Monday, September 24, 2012

2 Samuel 23 David's Last Words

Tuesday, September 18, 2012
Part 2 Friday Night's Lesson

David's Last Words, 2 Samuel 23:1-7

(1) "Now these are the last words of David: 'The oracle of David, the son of Jesse, the oracle of the man who was raised on high, the anointed of the God of Jacob, the sweet psalmist of Israel."
  •  Definition of "oracle:" An authoritative or wise statement or prediction; A command or revelation from God; In the Bible, the sanctuary of the Temple. 
  • David wanted the remembrance of him to be an uplifting and encouraging thing. He didn't want people to remember his shortcomings or his failure. While we still study David's sins and the deterioration of his family as a message on consequences, and while we understand that David was in no way perfect, but human like the rest of us, he is still most commonly described as "a man after God's own heart." (Acts 13:22)

  • How do we want others to describe us when we aren't there? or after we are gone? Can you think of a person or a verse that signifies the impression you wish to leave behind? 
  • Mine is Matthew 14:29. Despite the fact that we rag on Peter a lot, as the disciple with his foot in his mouth or the irrational one who, when he didn't know what to say, he spoke. But there are also incredible things Peter teaches us through example. Such as the denial. How many of us can say that when we sin, we only make that mistake three times, and then we learn? Rather, we struggle every day of our lives with this or that. In this particular passage in Matthew 14, a mind blowing miracle occurs. Not only does Jesus, the son of God, defy the laws of Physics by walking on water in the midst of the Sea of Galilee, but Peter, just a man, but a wholehearted, believing man, does the same. Christ's disciple is empowered to work wonders because he has the courage to step out of his comfort zone (where is a fisherman more comfortable than in his boat?), and into what would appear to be a certain drowning. When all is said and done, I want people to say that I was brave enough to, when Jesus said "Come," get out of the boat without a backwards glance. I want others to say that my faith inspired them to do the same, to step out.
(2-4) "The Spirit of the Lord speaks by me; His word is on my tongue.
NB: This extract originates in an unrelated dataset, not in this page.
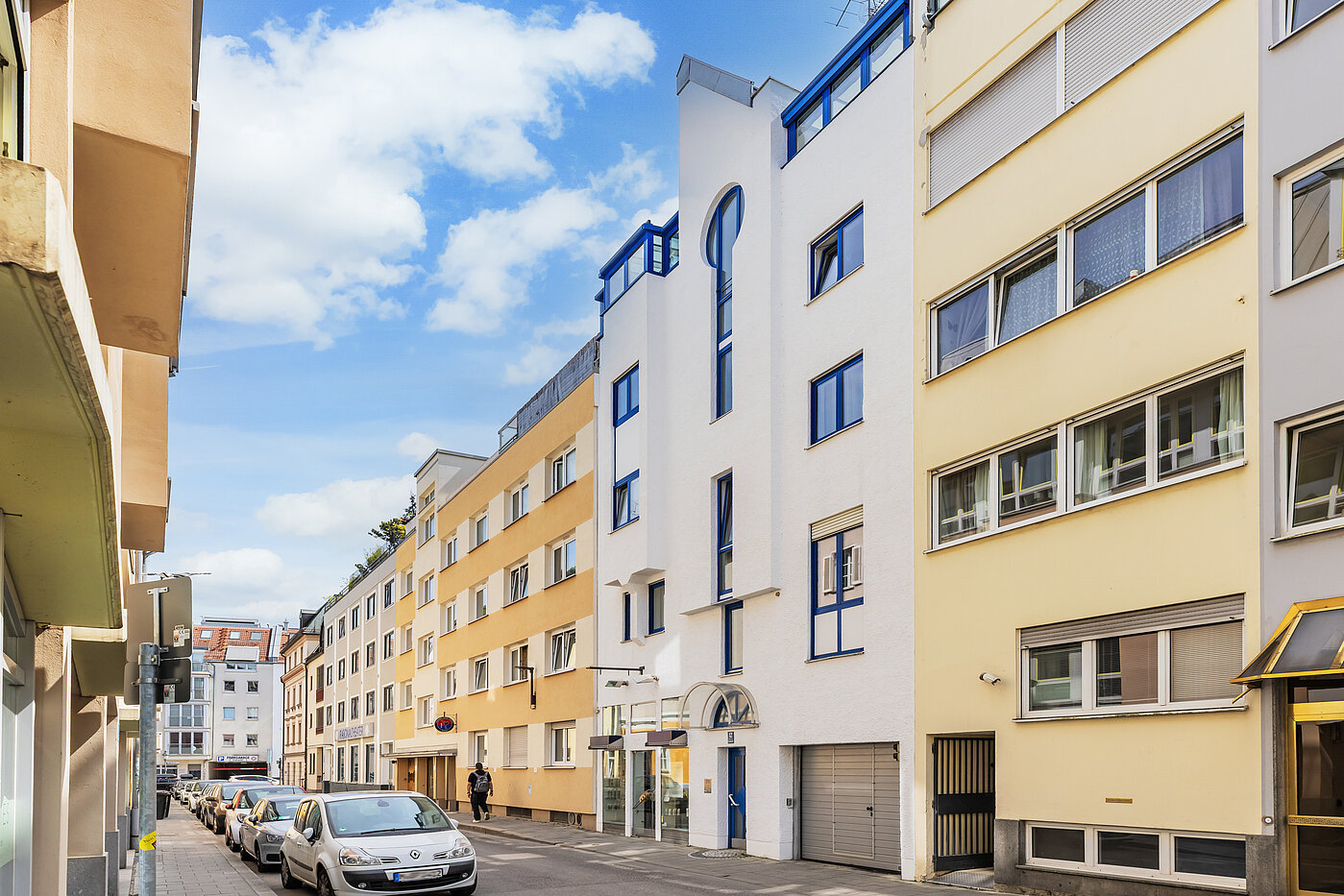 フラット 部屋数 2 部屋 | München-Schwabing | 70434 | Außenansicht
The God of Israel has spoken; the Rock of Israel has said to me; When one rules justly over men, ruling in the fear of God, he dawns on them like the morning light, like the sun shining forth on a cloudless morning, like rain that make grass to sprout from the earth."
  • David constantly heard the voice of God. In every (I think. Absolutes can be tricky.) situation David sought out the word of the Lord. When he sought to build the temple he went first to Nathan, God's prophet. In his trials, he cried out to the Lord. The Lord was always faithful to answer. how sad to think of King Saul, forsaken by the presence of the Lord, because he did not seek the Lord's voice. But the Lord was always with David, and David was in the Lord. Can the same be said about our relationship with God? Is it both give and take? Do we sit and wait for God to swoop in and fix our problems? Or in everything to seek his face? Do we crave that fellowship? It isn't always asking forgiveness rather than permission. We should seek the Lord's guidance in every word and every action.
  • David also had quite an effect on his nation. His reputation preceded him. Even when he was young and Saul was still king, the people said, "Saul has struck down his thousands and David his tens of thousands." (1 Samuel 18:7) Even kings of other nations knew of his grace and integrity. The imagery of sun and grass echoes the common mindset among monarchies through out the years that the worth of the ruling monarch will be reflected in the physical state of the kingdom. Think Lion King, when Simba comes back to the wasteland Scar has created out of Pride Rock, or the deteriorating state of the kingdom under Macbeth's rule in Shakespeare's Scottish play. (Sorry guys. English major. I can't help myself.) 
  • In that same way, think about the effect you have on the people around you. What happens when you walk into a room? Are there brighter faces and wider smiles? Or does the atmosphere wilt as your own poor attitude spreads? God's goodness should shine through us as it ultimately did through David. 
 (5-7) "For does not my house stand so with God? For he has made with me an everlasting covenant, ordered in all things and secure. For will he not cause to prosper all my help and my desire? But worthless men are all like thorns that are thrown away, for they cannot be taken with the hand; but the man who touches them arms himself with iron and the shaft of a spear, and they are utterly consumed with fire."
  • The beginning of this passage describes it as an oracle. In this description, I see David's confidence in God's promises. One definition, as stated at the beginning of the post, is a prediction. This leaves no room for David to doubt God's faithfulness. Do we have the same confidence? I know the things God has promised me for the time being. I even know some things he has promised for the long run. Never do I doubt their certainty. For example, I know the work God has laid ahead of me for my life. Others raise such questions as finances, location, stability, credibility of my field, etc. But their doubts can't rob me of the promise I have for my life. Are you equally confident in the covenant God has made with you?
  • Finally,  are we men and women after God's own heart, or are we worthless? You know those people that you just know are not touchy feely people? Or who make it obvious when they are "not in the mood?" You wouldn't touch them with a ten foot pole if there were a crocodile strapped to the other end. Similarly, David describes worthless men as unapproachable. You almost have to bring a shield with you, just to ask them to borrow a pencil. They can't be helped or guided in their struggles, let alone can they offer you any encouragement or assistance. Not only should we steer clear of people like this, who drag us down, but we should be very careful not to become one. What are you worth to people around you? Are you approachable when someone is in need? Others could approach David as a wise and compassionate ruler. 
How do David's chosen words reflect our desires and our attitudes towards God and others around us? Where on the scale along with David do you fall?